By Stephanie Kelly
NEW YORK (Reuters) -Oil prices leapt nearly 6% on Friday, with Brent posting its highest weekly gain since February, as investors priced in the possibility that the conflict in the Middle East could widen as Israel began ground raids inside the Gaza Strip.
Israel’s announcement marked a shift from an air war to ground operations to root out Hamas fighters a week after the militant Palestinian group’s deadly rampage in southern Israel.
Brent futures settled up $4.89, or 5.7%, at $90.89 per barrel. U.S. West Texas Intermediate (WTI) crude gained $4.78, or 5.8%, to $87.69 a barrel.
Both benchmarks posted their highest daily percentage gains since April.
Brent also recorded a weekly gain of 7.5%, its biggest such increase since February. WTI climbed 5.9% for the week.
The conflict in the Middle East has had little impact on global oil and gas supplies, and Israel is not a big producer. Investors and market observers, however, are assessing how it could escalate and what it might mean for supplies from nearby countries in the world’s top oil producing region.
Some residents in Gaza were abandoning their homes on Friday to escape from the path of an Israeli onslaught, after Israel ordered more than a million people to leave the northern half of the territory within 24 hours. Hamas told them not to go.
Iran’s Oil Minister Javad Owji said on Friday oil prices are expected to reach $100 per barrel due to the current situation in the Middle East, according to the ministry’s news agency SHANA.
Iran’s Foreign Minister Hossein Amirabdollahian on Friday discussed the Israeli-Hamas conflict with the head of the powerful Tehran-backed Lebanese armed group Hezbollah, which has launched its own cross-border attacks on Israel.
If the U.S. tightens enforcement of sanctions on Iran’s oil exports due to any role it may have in the conflict, then Iran’s oil supply could fall.
Saudi Arabia is putting U.S.-backed plans to normalize ties with Israel on ice, two sources familiar with Riyadh’s thinking said, signalling a rapid rethinking of its foreign policy priorities as the conflict escalates.
That may have implications for supply as Saudi Arabia told the White House it was willing to boost oil production early next year to help secure the deal, the Wall Street Journal reported last week.
Also boosting prices was the U.S. move on Thursday to impose the first sanctions on owners of tankers carrying Russian oil priced above the Group of Seven’s price cap of $60 a barrel, an effort to close loopholes in the mechanism designed to punish Moscow for its invasion of Ukraine.
Russia is the world’s second-largest oil producer and a major exporter, and the tighter U.S. scrutiny of its shipments could curtail supply.
“The oil market is anticipating that the U.S. will more strictly enforce sanctions on both Russia and Iran, and that will lead to a reduction in supplies,” said Andrew Lipow, president of Lipow Oil Associates.

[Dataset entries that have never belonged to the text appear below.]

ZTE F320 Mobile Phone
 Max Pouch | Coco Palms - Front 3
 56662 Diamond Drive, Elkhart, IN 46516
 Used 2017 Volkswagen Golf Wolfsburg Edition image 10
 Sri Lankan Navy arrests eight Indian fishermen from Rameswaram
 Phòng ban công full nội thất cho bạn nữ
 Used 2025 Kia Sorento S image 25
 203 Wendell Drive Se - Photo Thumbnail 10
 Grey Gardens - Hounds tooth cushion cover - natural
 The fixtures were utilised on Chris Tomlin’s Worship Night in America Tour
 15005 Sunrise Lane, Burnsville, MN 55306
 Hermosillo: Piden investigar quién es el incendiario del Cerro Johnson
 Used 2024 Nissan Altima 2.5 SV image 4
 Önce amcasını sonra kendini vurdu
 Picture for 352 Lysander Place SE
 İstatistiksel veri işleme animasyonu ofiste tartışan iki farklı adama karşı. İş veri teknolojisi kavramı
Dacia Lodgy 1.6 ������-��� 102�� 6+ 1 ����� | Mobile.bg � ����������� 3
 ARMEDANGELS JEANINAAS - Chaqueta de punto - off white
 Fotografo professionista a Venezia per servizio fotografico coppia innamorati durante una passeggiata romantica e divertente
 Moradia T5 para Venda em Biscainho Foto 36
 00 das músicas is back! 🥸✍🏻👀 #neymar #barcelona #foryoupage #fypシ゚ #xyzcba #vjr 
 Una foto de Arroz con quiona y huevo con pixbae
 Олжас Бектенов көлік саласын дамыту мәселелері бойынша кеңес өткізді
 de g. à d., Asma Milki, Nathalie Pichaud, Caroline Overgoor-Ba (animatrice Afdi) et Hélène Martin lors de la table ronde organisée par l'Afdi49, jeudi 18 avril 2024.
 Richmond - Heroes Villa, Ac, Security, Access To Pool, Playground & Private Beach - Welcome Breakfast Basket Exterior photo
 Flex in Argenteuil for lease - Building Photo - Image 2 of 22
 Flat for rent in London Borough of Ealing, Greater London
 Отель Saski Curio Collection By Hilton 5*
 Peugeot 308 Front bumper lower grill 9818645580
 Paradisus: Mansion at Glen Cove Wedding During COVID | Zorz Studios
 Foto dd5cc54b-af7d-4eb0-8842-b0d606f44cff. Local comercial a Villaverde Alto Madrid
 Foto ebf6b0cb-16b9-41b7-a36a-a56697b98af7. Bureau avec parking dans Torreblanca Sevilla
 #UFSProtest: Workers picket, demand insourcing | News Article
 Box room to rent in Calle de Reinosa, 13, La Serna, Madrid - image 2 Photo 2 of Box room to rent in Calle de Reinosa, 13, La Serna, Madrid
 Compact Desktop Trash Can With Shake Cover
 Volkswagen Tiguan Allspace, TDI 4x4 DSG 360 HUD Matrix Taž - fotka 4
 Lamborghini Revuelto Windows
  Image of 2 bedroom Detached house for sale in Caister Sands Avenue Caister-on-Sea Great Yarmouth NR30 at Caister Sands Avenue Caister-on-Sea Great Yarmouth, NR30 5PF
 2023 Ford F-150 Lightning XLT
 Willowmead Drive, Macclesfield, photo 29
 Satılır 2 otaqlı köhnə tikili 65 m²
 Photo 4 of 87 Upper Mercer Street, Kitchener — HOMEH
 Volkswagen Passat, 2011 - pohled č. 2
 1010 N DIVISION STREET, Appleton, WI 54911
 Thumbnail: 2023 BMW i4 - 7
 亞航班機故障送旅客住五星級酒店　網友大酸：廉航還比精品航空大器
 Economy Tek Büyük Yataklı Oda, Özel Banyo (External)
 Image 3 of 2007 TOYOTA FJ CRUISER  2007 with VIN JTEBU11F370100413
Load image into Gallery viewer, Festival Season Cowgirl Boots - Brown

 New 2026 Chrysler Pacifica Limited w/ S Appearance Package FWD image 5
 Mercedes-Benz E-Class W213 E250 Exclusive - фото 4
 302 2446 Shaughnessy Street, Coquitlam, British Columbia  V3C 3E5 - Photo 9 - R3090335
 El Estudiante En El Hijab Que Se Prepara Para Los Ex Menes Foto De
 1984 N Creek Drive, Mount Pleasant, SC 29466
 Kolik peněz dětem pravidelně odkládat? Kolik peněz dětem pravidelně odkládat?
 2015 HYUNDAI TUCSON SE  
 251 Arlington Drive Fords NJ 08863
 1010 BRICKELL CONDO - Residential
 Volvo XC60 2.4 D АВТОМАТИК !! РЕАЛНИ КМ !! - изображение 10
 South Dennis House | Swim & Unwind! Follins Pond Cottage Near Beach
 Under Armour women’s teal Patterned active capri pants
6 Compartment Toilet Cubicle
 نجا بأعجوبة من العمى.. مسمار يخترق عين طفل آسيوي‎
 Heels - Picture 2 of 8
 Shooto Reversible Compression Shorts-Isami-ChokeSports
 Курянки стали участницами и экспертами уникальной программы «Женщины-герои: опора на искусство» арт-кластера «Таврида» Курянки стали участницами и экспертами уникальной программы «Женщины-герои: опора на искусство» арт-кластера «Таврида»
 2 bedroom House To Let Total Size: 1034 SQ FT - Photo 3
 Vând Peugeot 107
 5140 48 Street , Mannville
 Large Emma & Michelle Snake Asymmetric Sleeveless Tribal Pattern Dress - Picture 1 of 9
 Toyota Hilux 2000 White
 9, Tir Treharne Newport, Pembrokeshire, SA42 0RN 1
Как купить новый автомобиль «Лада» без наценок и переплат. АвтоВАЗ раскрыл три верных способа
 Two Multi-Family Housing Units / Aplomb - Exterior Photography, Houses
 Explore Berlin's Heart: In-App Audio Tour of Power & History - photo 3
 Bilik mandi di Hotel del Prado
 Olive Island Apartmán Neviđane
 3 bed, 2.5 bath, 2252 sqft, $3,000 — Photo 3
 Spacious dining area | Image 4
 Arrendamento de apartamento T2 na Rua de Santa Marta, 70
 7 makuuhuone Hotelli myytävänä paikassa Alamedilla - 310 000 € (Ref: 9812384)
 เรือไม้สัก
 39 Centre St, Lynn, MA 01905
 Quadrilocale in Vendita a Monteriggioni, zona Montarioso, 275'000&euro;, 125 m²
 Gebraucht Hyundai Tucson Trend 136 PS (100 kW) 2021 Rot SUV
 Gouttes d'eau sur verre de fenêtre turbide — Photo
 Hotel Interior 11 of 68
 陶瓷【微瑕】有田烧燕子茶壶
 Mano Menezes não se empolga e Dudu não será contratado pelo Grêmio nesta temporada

The Organization of the Petroleum Exporting Countries (OPEC) this week kept its forecast for growth in global oil demand, citing signs of a resilient world economy so far this year and expected further demand gains in China, the world’s biggest oil importer.
On the U.S. supply front, drillers this week added four oil rigs in the biggest weekly rise since March, Baker Hughes said. [RIG/U]
Money managers cut their net long U.S. crude futures and options positions in the week to Oct. 10 by 39,556 contracts to 240,204 during the period, the U.S. Commodity Futures Trading Commission (CFTC) said.